If 22 mL of 5.0 M H2SO4 was spilled, what is the minimum mass of NaHCO3 that must be added to the spill to neutralize the acid?
H2SO4 + 2NaHCO3 ==> Na2SO4 + 2H2O + 2CO2
mols H2SO4 = M x L = ?
mols NaHCO3 = 2xmols H2SO4
grams NaHCO3 = mols NaHCO3 x molar mass = ?
Post your work if you get stuck.
To determine the minimum mass of NaHCO3 needed to neutralize the spilled H2SO4, we need to use stoichiometry.
First, let's write a balanced chemical equation for the reaction between H2SO4 and NaHCO3:
H2SO4 + 2NaHCO3 -> Na2SO4 + 2H2O + 2CO2
From the equation, we can see that for every 1 mole of H2SO4, we need 2 moles of NaHCO3 to neutralize it.

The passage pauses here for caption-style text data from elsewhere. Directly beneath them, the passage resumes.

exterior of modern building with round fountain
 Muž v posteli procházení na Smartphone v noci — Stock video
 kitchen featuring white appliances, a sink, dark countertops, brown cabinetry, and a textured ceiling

Now, let's calculate the moles of H2SO4 in the spill:
moles of H2SO4 = volume (in L) × molar concentration
= 0.022 L × 5.0 mol/L
= 0.11 mol
Since we need a 1:2 mole ratio of H2SO4 to NaHCO3, the moles of NaHCO3 needed is twice that of H2SO4:
moles of NaHCO3 = 2 × moles of H2SO4
= 2 × 0.11 mol
= 0.22 mol
Now, we can calculate the minimum mass of NaHCO3 using its molar mass:
mass of NaHCO3 = moles × molar mass
= 0.22 mol × (22.99 g/mol + 1.01 g/mol + 12.01 g/mol + 3(16.00 g/mol))
≈ 15.94 g
Therefore, the minimum mass of NaHCO3 that must be added to neutralize the spilled acid is approximately 15.94 grams.